Many researchers have utilized FEA to evaluate the health condition of mass concrete. For instance, some researchers used thermal analysis to explore the impact of temperature variations due to cement hydration on crack formation in concrete structures to evaluate and optimize the development techniques for mass concrete production such as using additives [6, 7] or a cooling pipes system [8]. Several papers expanded their investigations to include the mechanical analysis of thermal stresses alongside temperature gradients to enhance the reliability of the results [6-11]. In other work [12-14], the researchers used a different approach by studying the effect of the placement temperature on the development of cracks within the concrete elements. All the previous researchers found that FE analysis is a reliable tool to evaluate the thermal cracking risk within concrete elements. It is worth mentioning that the samples considered in their studies were of mass concrete within large-scale constructions, while at the same time the majority of previous researchers did not investigate the construction of multi-layer structures carried out in multiple stages.

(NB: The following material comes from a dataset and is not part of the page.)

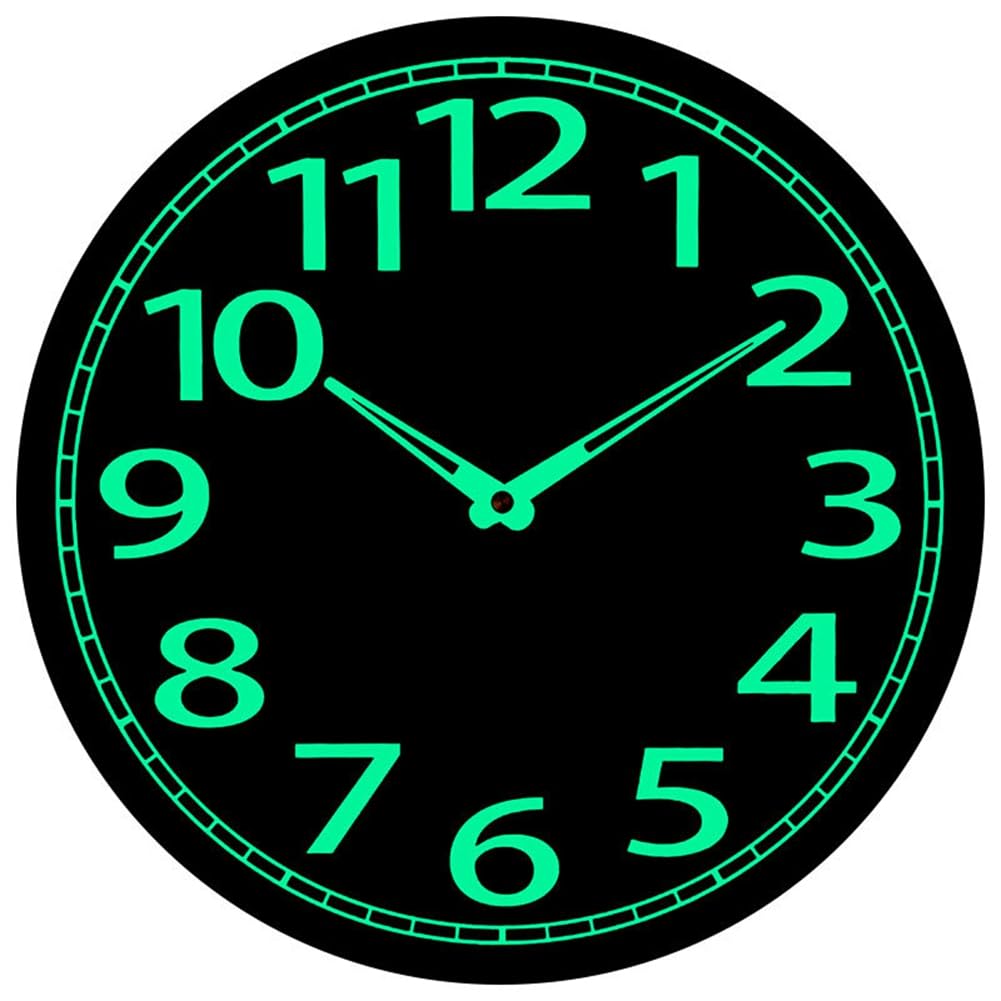 Qussedser Wooden Glow in the Dark Clock, 12 Inch Silent Non-Ticking, Energy-Absorbing Luminous Wall Clock for Bedroom Living Room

In this research, the multi-phase concrete placement of a mass concrete pier head was analyzed using FE software (ABAQUS) to predict weak areas within the concrete body in each phase. Temperature variations influence the hydration process and can result in thermal gradients across the concrete structure. Consequently, differential expansion and contraction may occur, inducing internal stresses that could exceed the concrete's tensile strength and lead to cracking. These sensitive areas within mass concrete members could be exposed to thermal stresses higher than its tensile strength. Thus, after determining these areas, recommendations can be provided to control and monitor the production process to minimize the chance of thermal cracks occurring.

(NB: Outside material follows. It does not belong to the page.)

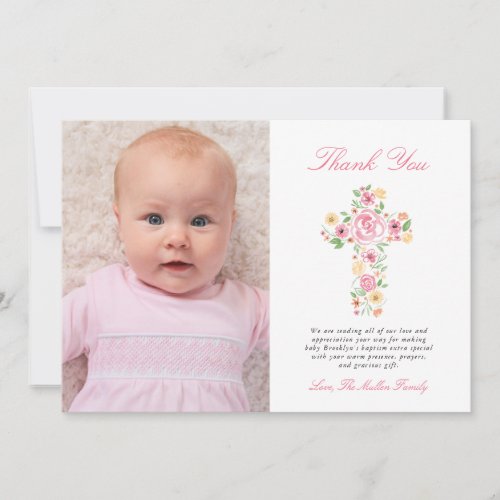 Pink Floral Cross Baptism Photo Thank You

The accuracy of our analysis was contingent upon various factors, including mesh size, material properties, and geometric intricacies. Additionally, certain inputs in ABAQUS are based on estimations and the complexity of calculating thermal loads originating from cement hydration poses challenges for precise determination. Furthermore, the study did not incorporate the cold joint effect, which would have introduced further complications due to its complexity. Instead, the research focused on analyzing the effects of cement hydration on thermal cracking risk within mass concrete pier heads, thus excluding the influence of dead weight-induced longitudinal strain from our model. Future studies could consider incorporating dead weight effects to provide a more comprehensive understanding of the thermomechanical behavior of such structures.
Methods
ABAQUS Input
ABAQUS software requires some important input to conduct the thermomechanical analysis of the concrete, where ABAQUS is based on the consistent units system shown in Table 1.

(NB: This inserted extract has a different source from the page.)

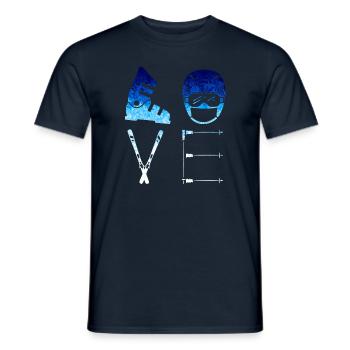 LOVE - SKI - blue Snow Edition *** - Men's T-Shirt - navy - Front - AI Model Male 178 light (178cm)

| Variable | UNIT | Value | Method | Source/Reference | |
|---|---|---|---|---|---|
| Inputs | |||||
| Thermal conductivity \((\lambda)\) | J/sm°C | 2.45 | [15] | ||
| Specific heat \((c)\) | J/kg°C | 967 | |||
| Thermal expansion | 1/°C | 8 e-05 | Estimation | [16] | |
| Body heat flux | J/sm³ | Varied | - | [17] | |
| Concrete damage | Varied | - | [18] | ||
| Plasticity | - | [10] | |||
| Density (ρ) | Kg/m³ | 2446 | ADHI KARYA LLC | ||
| Outputs | |||||
| Temperature | ° C | Varied | Thermal analysis | ABAQUS software | |
| Stress | Pa | Varied | Mechanical analysis | ||
| Tensile strength | Pa | Varied | Estimation | [19] | |
Table 1 Inputs and outputs of the FE analysis.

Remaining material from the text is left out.